Palate: Richly concentrated with a silky, creamy, mouthcoating quality. It’s slightly spicier (coriander seed and mace) than the nose, while ripe apricot and apple are now stirred into the mix alongside tangerine. That drop of water now ups the orchard fruits, adds some coconut and while you lose the clinging quality, now you see more of the maritime edge.
Finish: Light smoke, then a slightly salinity.
Conclusion: Though the name sounds like a Tarantino movie, the legends in this case are Blair Athol, Brora, Lagavulin, Oban, Teaninich for the malts, and Cambus, Port Dundas, and Carsebridge. Around £230 for a beautifully crafted dram.
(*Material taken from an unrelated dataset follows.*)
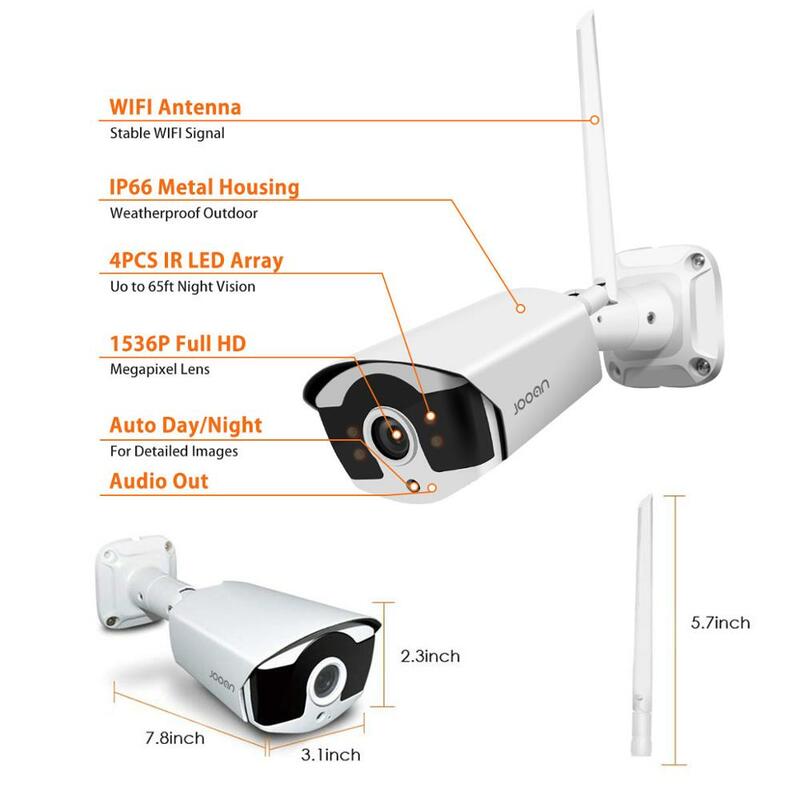 Sistema de vigilância sem fio, kit com câmeras de segurança para casa, área externa, wi-fi, gravação de vídeo e áudio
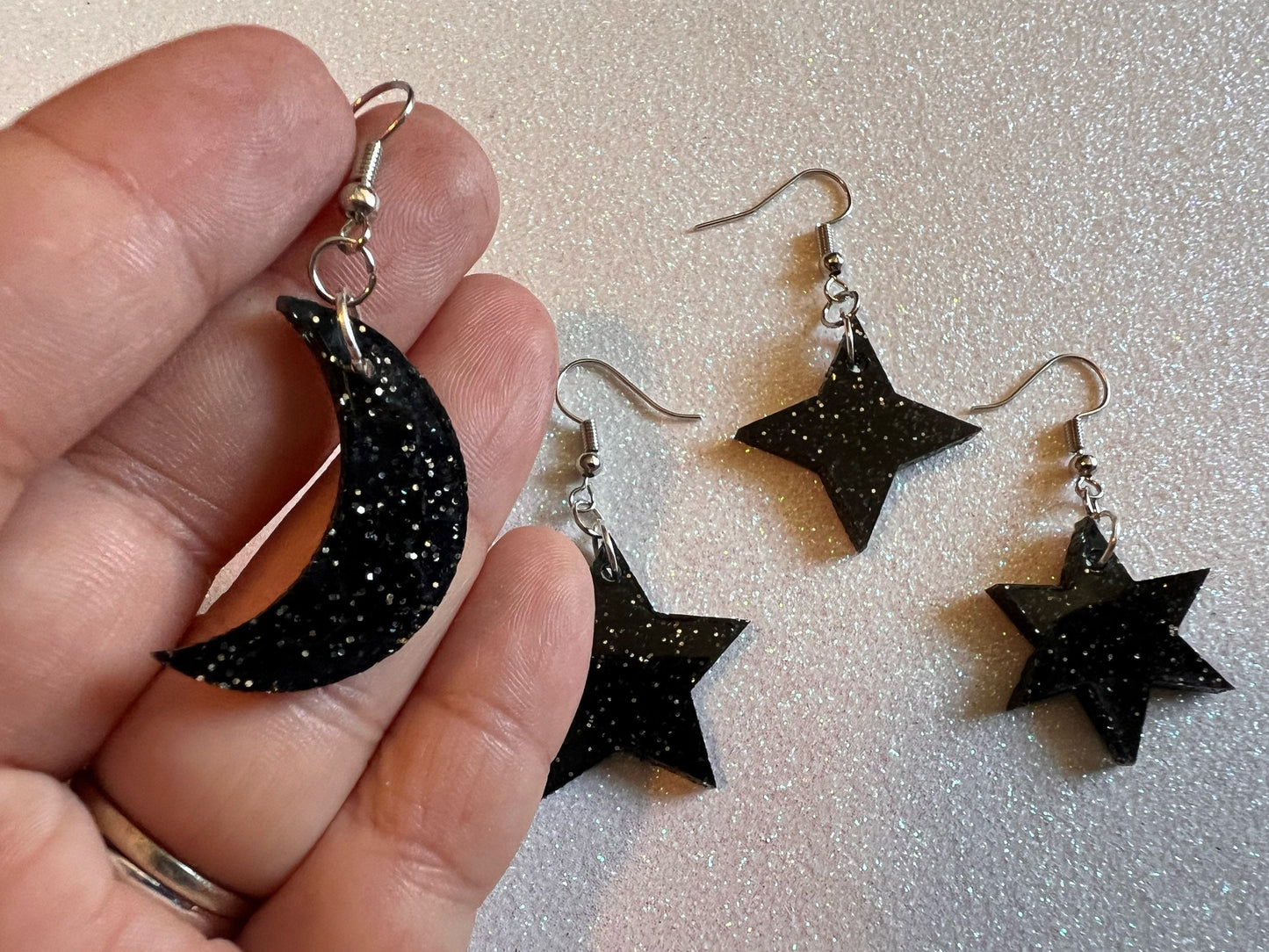 Sparkly Star and Moon Earrings: Laser Cut Acrylic Stars, Magic, Night Sky, Astrology, Astronomy, Best Gifts for Her/Him/Them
Brand: Johnnie Walker Bicentenary Blend, 28 years old, 46%
Nose: Patience is required on the drinker’s part here. Like so many older whiskies, this needs time to reveal its complexities. Initially, there is simply a sense of concentration, a mass of fruits in various stages from fresh to dried, a sweetness, but also a savoury element. Only with time do you get the dried quince, faded flowers, autumnal berries and damp leaves and time-drenched oak. There’s a covering of beeswax, then more dried fig, date, light (sweet) leather, and no more than a touch of smoke. Water eases the multiple layers apart a little more. Now there’s tropical fruit, cling peaches, rhubarb, and then polished church pews. Great balance and complexity.
Palate: Thick and rounded with a soft power. The layers of soft fruits are there, but now an added touch of preserved lemon, and sumac before a lightly nutty, nougat-like element comes in. Like low afternoon sunshine filtering through windows in autumn. Like many old blends, its quality comes as much from texture as flavour. Thick, and redolent with a calm, considered sense of time passed. Water adds in slightly bletted fruit, lemon myrtle, sugar puffs, then fragrant north African spices.
Finish: Refuses to leave. A mix of cacao, Manuka honey and a little smoke.
Conclusion: Drawing inspiration from the first stock list of John Walker’s store in 1820. Mature grain is, for me at least, the key. From the fireworks of ‘Celebratory’ to the sense of job well done here. Quite the celebration. Yours for around £740.